Download or read book The Palgrave Handbook of Prison Ethnography written by Deborah H. Drake and published by Springer. This book was released on 2016-01-12 with total page 531 pages. Available in PDF, EPUB and Kindle. Book excerpt: The Palgrave Handbook of Prison Ethnography provides an expansive overview of the challenges presented by qualitative, and particularly ethnographic, enquiry. The chapters reflect upon the means by which ethnographers aim to gain understanding, make sense of what they learn and the way they represent their finished work. The Handbook offers urgent insights relevant to current trends in the growth of imprisonment worldwide. In an era of mass incarceration, human-centric ethnography provides an important counter to quantitative analysis and the audit culture on which prisons are frequently judged. The Handbook is divided into four parts. Part I ('About Prison Ethnography') assesses methodological, theoretical and pragmatic issues related to the use of ethnographic and qualitative enquiry in prisons. Part II ('Through Prison Ethnography') considers the significance of ethnographic insights in terms of wider social or political concerns. Part III ('Of Prison Ethnography') analyses different aspects of the roles ethnographers take and how they negotiate their research settings. Part IV ('For Prison Ethnography') includes contributions that convincingly extend the value of prison ethnography beyond the prison itself. Bringing together contributions by some of the world's leading scholars in criminology and prison studies, this authoritative volume maps out new directions for future research. It will be an indispensable resource for practitioners, students, academics and researchers who use qualitative social research methods to further their understanding of prisons.

Book Organizational Ethnography

Download or read book Organizational Ethnography written by Monika Kostera and published by Edward Elgar Publishing. This book was released on 2021-01-29 with total page 240 pages. Available in PDF, EPUB and Kindle. Book excerpt: Ethnography is at the heart of what researchers in management and organization studies do. This crucial book offers a robust and original overview of ‘doing’ organizational ethnography, guiding readers through the essential qualitative methods for the study of organizations.
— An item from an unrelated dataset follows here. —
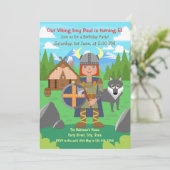 Viking Boy krijger en pet woolf Birthday Party Kaart (Staand voorkant)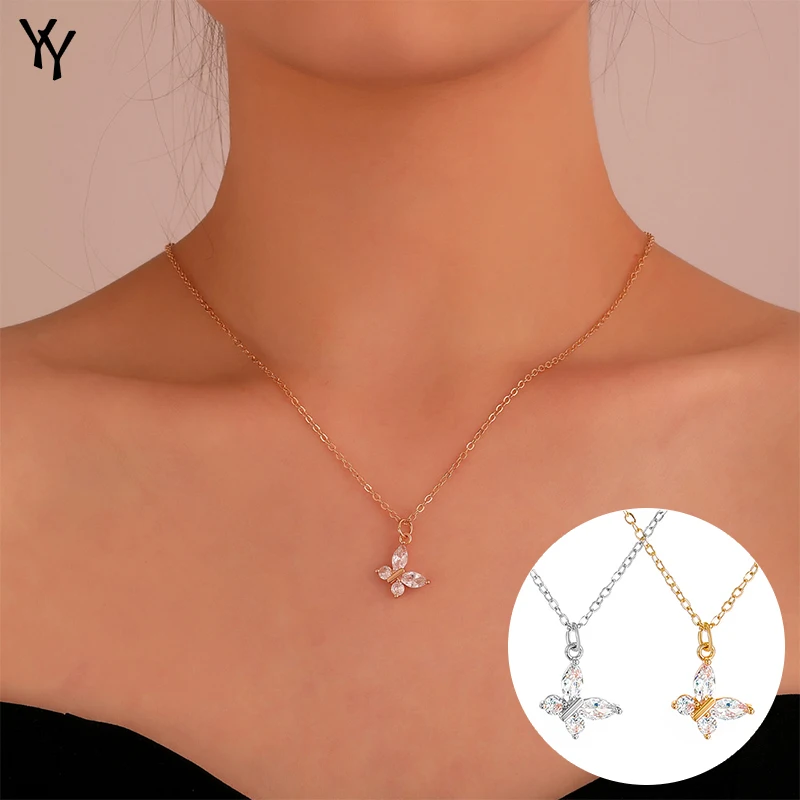 

Fashion New Butterfly Shape Necklace Women's Exquisite Transparent Crystal Pendant Girl Jewelry Gift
Book Reflexive Ethnographic Practice

Download or read book Reflexive Ethnographic Practice written by Amanda Kearney and published by Springer Nature. This book was released on 2020-01-21 with total page 237 pages. Available in PDF, EPUB and Kindle. Book excerpt: Putting the anthropological imagination under the spotlight, this book represents the experience of three generations of researchers, each of whom have long collaborated with the same Indigenous community over the course of their careers. In the context of a remote Indigenous Australian community in northern Australia, these researchers—anthropologists, an archeologist, a literary scholar, and an artist—encounter reflexivity and ethnographic practice through deeply personal and professionally revealing accounts of anthropological consciousness, relational encounters, and knowledge sharing. In six discrete chapters, the authors reveal the complexities that run through these relationships, considering how any one of us builds knowledge, shares knowledge, how we encounter different and new knowledge, and how well we are positioned to understand the lived experiences of others, whilst making ourselves fully available to personal change. At its core, this anthology is a meditation on learning and friendship across cultures.